● YOUR TASK
Copy the data below exactly. Any pictures in it should be omitted.

● AVAILABLE DATA
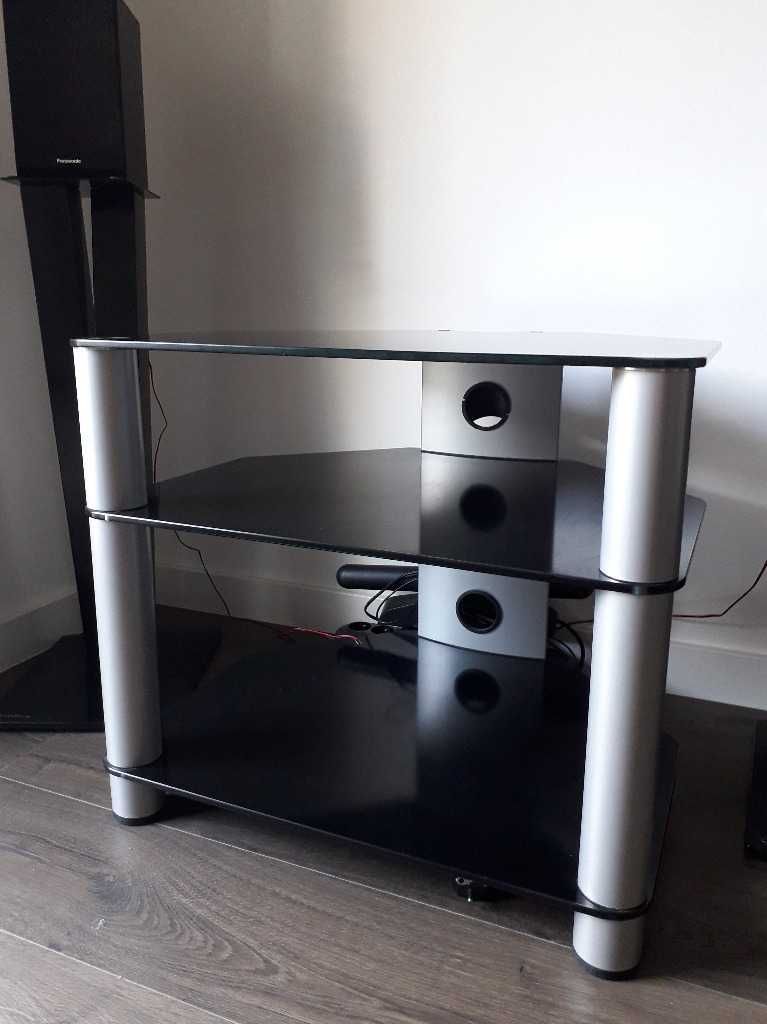 szafka, stolik audio Sonorous RX2130 Srebrny-czarny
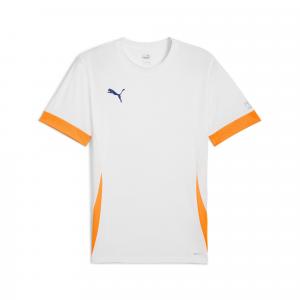 Męska koszulka do padla INDIVIDUAL PUMA White Vivid Blue Heat Fire Orange
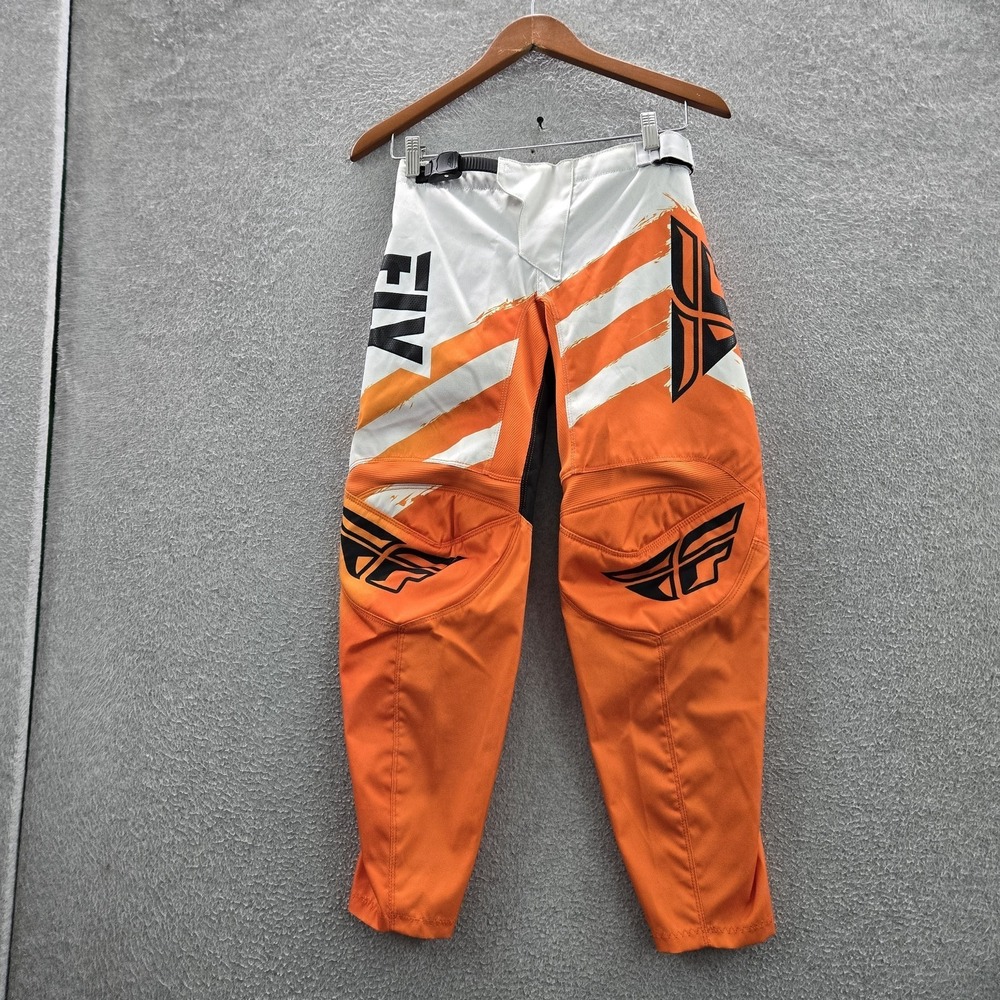 Fly Racing Boys Activewear Pants 26 Orange Colorblock F-16 Motocross 25" Inseam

● TASK SOLUTION
 szafka, stolik audio Sonorous RX2130 Srebrny-czarny
 Męska koszulka do padla INDIVIDUAL PUMA White Vivid Blue Heat Fire Orange
 Fly Racing Boys Activewear Pants 26 Orange Colorblock F-16 Motocross 25" Inseam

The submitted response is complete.